Learning in A.D. 999 The year is A.D. 999, and you're at the turning point of a new millennium. Students will role-play the parts of present day teachers and students during the Middle Ages in this activity, It's 999 A.D. and You're the Teacher, from Encarta Online. Encarta provides the resources for students to learn about life in Western Europe at the time. For additional lessons, see the Encarta Millennium Lesson Collection.
Time Zones and the New Year. The Time Zones and the New Year lesson from PBS's TeacherSource http://www.pbs.org/teachersource/thismonth/index.shtm will help students connect geography, time zones, and the new millennium. Each child is assigned a time zone. The student selects a city in that time zone and uses selected online resources to learn more about the city and how people there might celebrate the dawn of the millennium.
Explorers of the Millennium. Look at this student-created Web site, one of the winners in this year's ThinkQuest Jr. competition. Click on the Timeline link on Explorers of the Millennium to see which explorers the students included. Display some of those explorers around a map of the world. Challenge students to research and nominate an explorer who is not on the list. They can even submit their nominations to the kids who created this award-winning site. Each student will then write her or his own report about that person for display around the map.
JumpStart 2000. Students work in teams of four to solve real problems facing their communities and the world in the JumpStart 2000 contest sponsored by Parade and react magazines. Resources at this site include guidelines and entry forms, a problem-solving tip sheet for student teams, and tips for teachers as they coach students on their projects. Six top winners will receive national recognition as well as $500 to create a demonstration of their innovative solution to a problem.
Beyond 2000. Will watches have video displays? Will cities float? Will cars drive themselves? What are your predictions for the next millennium? Students can read a few predictions from the pages of National Geographic's Beyond 2000 Web site and then submit their own predictions.
of the Future. Twenty years from now, where will you live? What type of family will you have? How will you be connected to the world? What will your house look like? The Unreal Estate activity from the Newspapers in Education arm of Long Island Newsday challenges your students to design their future . The activity is one of many activities from the newspaper's Our Future lesson plans page.

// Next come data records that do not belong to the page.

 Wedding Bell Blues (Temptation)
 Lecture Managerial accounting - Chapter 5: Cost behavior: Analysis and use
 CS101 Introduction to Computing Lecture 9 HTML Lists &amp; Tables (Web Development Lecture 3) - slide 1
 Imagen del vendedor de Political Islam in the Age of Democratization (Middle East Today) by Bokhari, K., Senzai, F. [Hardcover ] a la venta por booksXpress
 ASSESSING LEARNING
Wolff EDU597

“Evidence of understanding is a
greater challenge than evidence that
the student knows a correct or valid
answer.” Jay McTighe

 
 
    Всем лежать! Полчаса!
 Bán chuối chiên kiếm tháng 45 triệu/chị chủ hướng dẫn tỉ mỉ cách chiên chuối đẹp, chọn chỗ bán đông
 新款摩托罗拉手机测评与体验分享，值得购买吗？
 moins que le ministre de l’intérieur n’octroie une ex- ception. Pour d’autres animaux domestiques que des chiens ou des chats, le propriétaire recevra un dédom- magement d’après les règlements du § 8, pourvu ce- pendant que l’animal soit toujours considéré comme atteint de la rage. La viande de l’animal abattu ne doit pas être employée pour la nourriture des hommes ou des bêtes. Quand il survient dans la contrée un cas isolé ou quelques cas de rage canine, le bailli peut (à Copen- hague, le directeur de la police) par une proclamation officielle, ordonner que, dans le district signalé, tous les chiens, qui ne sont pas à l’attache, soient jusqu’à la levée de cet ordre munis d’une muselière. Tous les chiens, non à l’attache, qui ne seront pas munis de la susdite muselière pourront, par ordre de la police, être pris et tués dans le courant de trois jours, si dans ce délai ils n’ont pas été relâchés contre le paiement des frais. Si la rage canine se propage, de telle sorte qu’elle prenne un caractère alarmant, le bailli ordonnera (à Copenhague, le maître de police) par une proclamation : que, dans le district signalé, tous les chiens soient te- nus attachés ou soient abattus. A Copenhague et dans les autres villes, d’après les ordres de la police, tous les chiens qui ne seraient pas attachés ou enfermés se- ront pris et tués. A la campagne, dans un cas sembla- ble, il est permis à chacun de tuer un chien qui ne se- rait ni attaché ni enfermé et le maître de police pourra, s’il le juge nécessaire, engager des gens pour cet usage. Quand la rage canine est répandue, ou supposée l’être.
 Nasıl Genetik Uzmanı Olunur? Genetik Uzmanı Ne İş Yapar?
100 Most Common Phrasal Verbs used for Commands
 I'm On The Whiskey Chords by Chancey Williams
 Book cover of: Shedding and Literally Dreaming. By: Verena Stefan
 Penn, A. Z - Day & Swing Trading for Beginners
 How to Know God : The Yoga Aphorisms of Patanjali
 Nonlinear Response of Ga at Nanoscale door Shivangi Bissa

Twenty-First Century Time Capsule. In this activity, students think about, discuss, read about, write about, research, formulate, and evaluate ideas related to developments in the 20th century. The activity opens with a discussion of which item -- a cordless telephone or cell phone, a television, a CD player, or a personal computer -- would be most difficult to live without. Then the class is divided into groups to brainstorm and discuss what students believe is the most important technological development of the 20th century. Each group gives a brief argument for its choice. Then the class debates the different choices and votes for one development to represent the 20th century. After the debate, students will prepare a time capsule to be opened in 100 years. Discovery.com created the entire Twenty-First Century Time Capsule activity -- including student handouts.
Picture the Future. The Picture the Future interdisciplinary learning project will engage K-12 students. Working in teams with educators, community leaders, and professionals in many fields, young people will weave the arts, sciences, and humanities into an exploration of their own communities. They will learn about the best of the past and present and apply it to the future. The result: a new community that is scientifically sound and offers a high quality of life, in which they would be proud to live. The U.S. Department of Education, NASA and its Jet Propulsion Laboratory, the National Endowment for the Arts, and the J. Paul Getty Trust developed this project.